The decision, written by Chief Justice John Roberts, rejected a lower court ruling that had set a high legal bar to bring those claims, essentially shielding school districts from certain suits involving disability discrimination.
The teenager at the center of the case, identified in court papers as Ava, has a rare form of epilepsy that made it impossible for her to attend school in the morning. Her parents requested that the district accommodate her disability with evening instruction, but school officials initially declined to do so.
The parents filed a successful complaint under the Individuals with Disabilities Education Act, which resulted in a decision requiring the school to offer evening instruction.
Ava’s parents then sued the district for damages under the Americans with Disability Act and Section 504 of the Rehabilitation Act. That latter law is what allows parents and schools to develop “504 plans” to accommodate students with disabilities.
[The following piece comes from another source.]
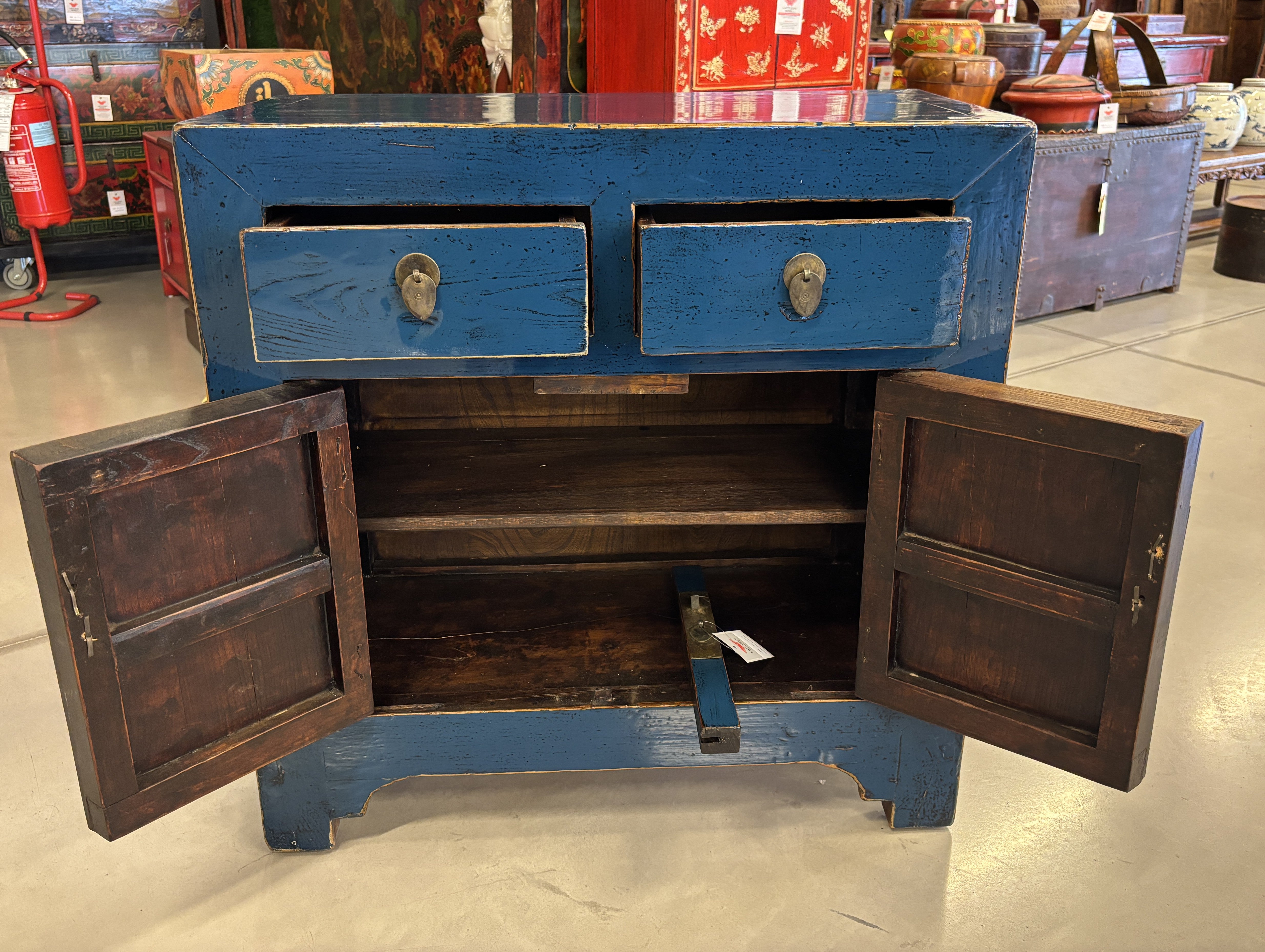 CREDENZINO CINESE LACCA BLU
A federal district court ruled with the schools, holding that the family had not demonstrated that school administrators operated with “bad faith or gross misjudgment,” a higher legal standard than the “deliberate indifference” threshold that courts apply in other disability discrimination contests. The 8th US Circuit Court of Appeals affirmed that decision and the parents appealed to the Supreme Court in September.
In its decision on Thursday, the Supreme Court ruled that the same standard that applies in other disability contexts should also apply in schools. It doesn’t mean that the families will necessarily win their cases, but it will make it easier for them to bring their claims.
“That our decision is narrow does not diminish its import” for the family involved in the litigation “and ‘a great many children with disabilities and their parents,’” Roberts wrote.
“Together they face daunting challenges on a daily basis,” Roberts added. “We hold today that those challenges do not include having to satisfy a more stringent standard of proof than other plaintiffs to establish discrimination under Title II of the ADA and Section 504 of the Rehabilitation Act.”
Five federal appeals courts have required parents to meet the higher standard to proceed with litigation and two others apply the lower standard.
Public school districts, worried about limited resources, had argued at the Supreme Court that the way to handle the case was not to lower the standard for families like the one involved but rather to raise it for everyone else. But the court dismissed that argument as arriving too late in the litigation.
The court’s “resolution of these issues could have significant ramifications for both disability law and discrimination law more generally,” Justice Clarence Thomas wrote in a concurring opinion joined by Justice Brett Kavanaugh. “That these issues are consequential is all the more reason to wait for a case in which they are squarely before us and we have the benefit of adversarial briefing.”
Two years ago, the Supreme Court sided unanimously with a student who is deaf and also sought to sue his school for damages. That case dealt with whether students could pursue those claims for damages before they exhaust administrative processes required under another law, the Individuals with Disabilities Education Act.